Graduate Seminar| Unlocking Material Designs with Smart Tools and Machine Learning, by Professor Frank Gu

Frank Gu is the Director of the Institute for Water Innovation Director at the University of Toronto, NSERC Senior Industrial Research Chair in Nanotechnology Engineering, co-director of Formulation Self-Driving Labs at the Acceleration Consortium, and Professor in the Department of Chemical Engineering and Applied Chemistry. A leading expert in nanotechnology engineering, his research has driven advancements in functional nanomaterials for healthcare and environmental applications. Gu’s research applies nanoscience to industrial challenges, including ocular drug delivery, medical devices, catalysis, and water treatment. His lab pioneered buoyant photocatalysts powered by sunlight for treating industrial wastewater and founded H2nanO Inc. to commercialize eco-friendly water treatment solutions. He has also developed nanomaterials for anterior ocular disease treatment, leading to long-lasting medicated eye drops and collaborations with medical device companies. His current research spans AI-powered nanomedicine formulation, climate-resilient water treatment technologies, and critical mineral recovery from waste. He is also the co-recipient of the 2023 NSERC Brockhouse Prize for Interdisciplinary Research for his work in developing innovative drug delivery vehicles in collaboration with clinicians.

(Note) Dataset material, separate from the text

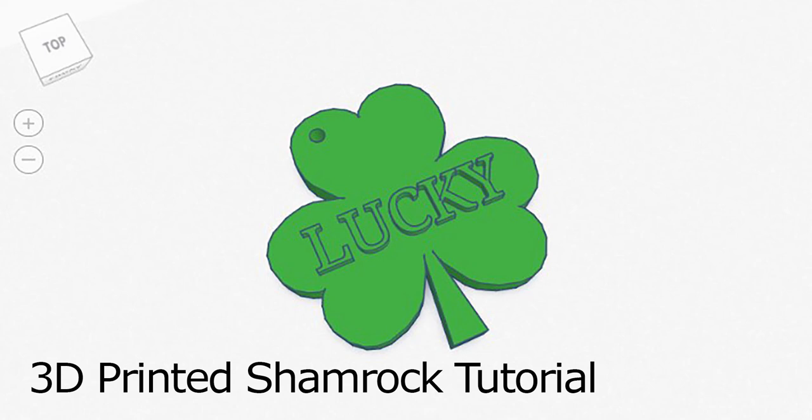Okay, good morning. Today I'm going to show you a really simple project. We're going to make a little shamrock using Tinkercad. This is a great starter project, so let's go ahead and get started.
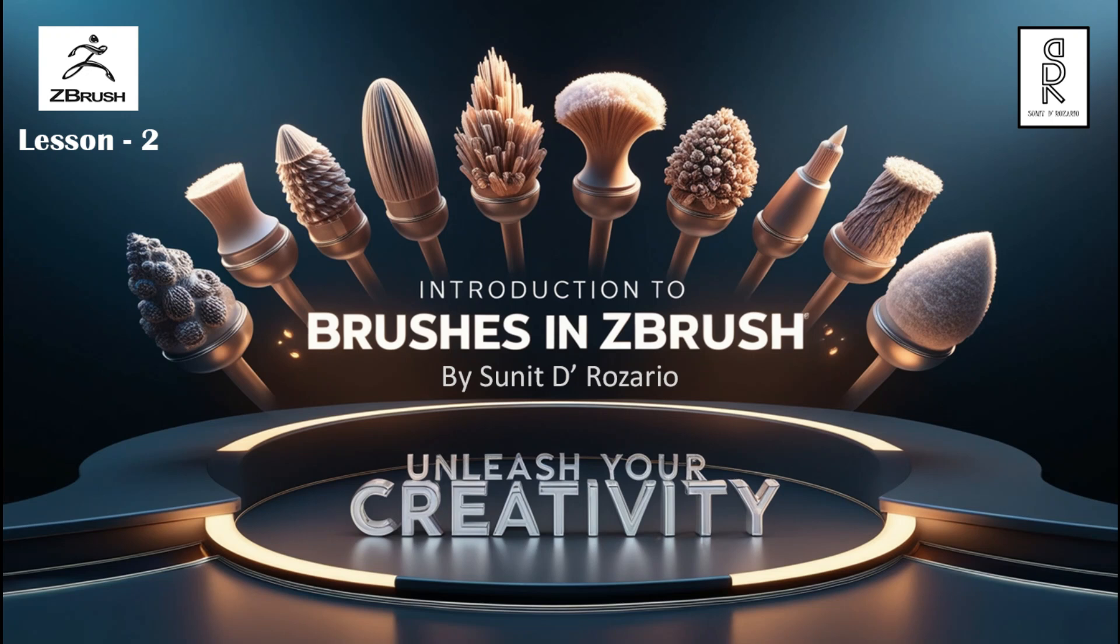Hello guys, welcome to the second part of the ZBrush Crash Course. I am Sunit D. Rosario and in this lesson we are going to understand the basic usage of the brushes for sculpting. Let's get started.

This seminar highlights how materials science innovations are addressing challenges in healthcare and environmental sustainability. Our research focuses on designing functional polymers, nanomaterials, and advanced analytical tools to drive breakthroughs in drug delivery and water treatment. We developed magnesium ion (Mg(II)) crosslinked hyaluronic acid (HA) hydrogels, a biocompatible platform with tunable properties to overcome limitations in ocular drug delivery, such as low bioavailability and frequent dosing. These materials are optimized using the Direct Saturation Compensated (DISCO) NMR technique, which was developed in our lab. DISCO NMR provides molecular-level insights into polymer-mucin interactions and has become an open-source standard for guiding the design of mucoadhesive materials. Coupled with machine learning, it accelerates the discovery of functional polymers. Complementing this, we have advanced nanocrystal growth techniques, tailoring nanoparticles for catalysis and medical applications, including gold nanoparticle-based contact lenses with light-filtering capabilities. Our environmental work leverages solar photocatalysis to treat industrial wastewater, which has been commercialized through H2nanO. Our research demonstrates how materials innovation can transform therapeutic technologies and promote sustainable environmental practices by integrating molecular insights with scalable solutions.